I have the following strings:

NAME John Nash FROM California

NAME John Nash

I want a regular expression capable of extracting 'John Nash' for both strings.

Here is what I tried

"NAME(.*)(?:FROM)"
"NAME(.*)(?:FROM)?"
"NAME(.*?)(?:FROM)?"

but none of these works for both strings.

Morgan Thrapp
  • 9,748
  • 3
  • 46
  • 67
Dayvid Oliveira
  • 1,157
  • 2
  • 14
  • 34

4 Answers4

5

You can use logical OR between FROM and anchor $ :

NAME(.*)(?:FROM|$)

See demo https://regex101.com/r/rR3gA0/1

In this case after the name it will match FROM or the end of the string.But in your regex since you make the FROM optional in firs case it will match the rest of string after the name.
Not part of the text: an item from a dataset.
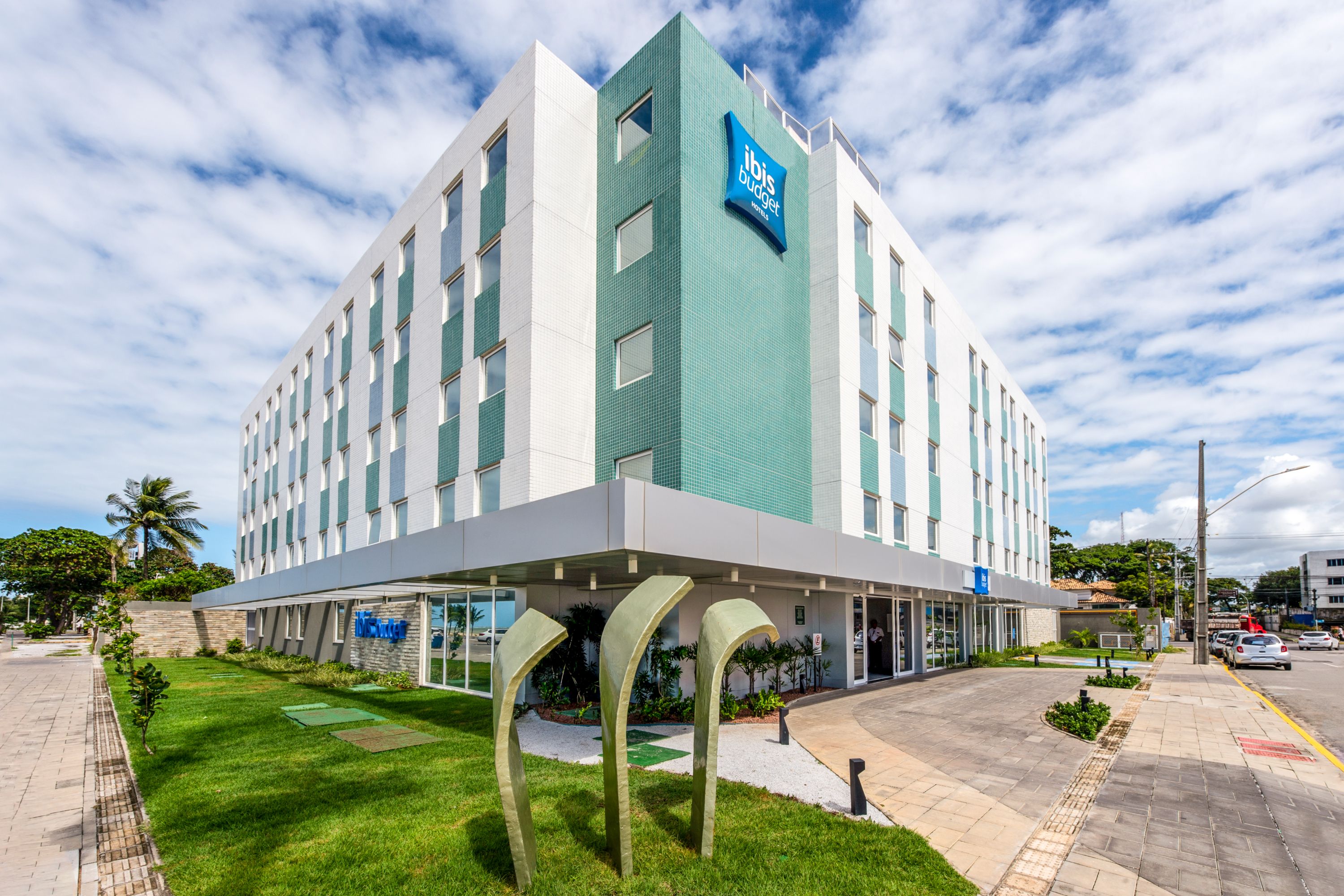 ibis budget Recife Jaboatão - Jaboatão dos Guararapes - Brazil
If you want to use a more general regex you better to create your regex based on your name possibility shapes for example if you are sure that your names are create from 2 word you can use following regex :

NAME\s(\w+\s\w+)

Demo https://regex101.com/r/kV2eB9/2

Mazdak
  • 105,000
  • 18
  • 159
  • 188
2

Make the second part of the string optional (?: FROM.*?)?, i.e.:

NAME (.*?)(?: FROM.*?)?$

MATCH 1
1.  [5-14]  `John Nash`
MATCH 2
1.  [37-46] `John Nash`
MATCH 3
1.  [53-66] `John Doe Nash`

Regex Demo
https://regex101.com/r/bL7kI2/2

Pedro Lobito
  • 94,083
  • 31
  • 258
  • 268
0
 r'^\w+\s+(\w+\s+\w+) - word at start of string
 follows by one or more spaces and
 two words and at least one space between them

with open('data', 'r') as f:
    for line in f:
      mo =   re.search(r'^\w+\s+(\w+\s+\w+)',line)
      if mo:
        print(mo.group(1))

John Nash
John Nash
LetzerWille
  • 5,355
  • 4
  • 23
  • 26
0

You can do without regex:

>>> myStr = "NAME John Nash FROM California"
>>> myStr.split("FROM")[0].replace("NAME","").strip()
'John Nash'
Mayur Koshti
  • 1,794
  • 15
  • 20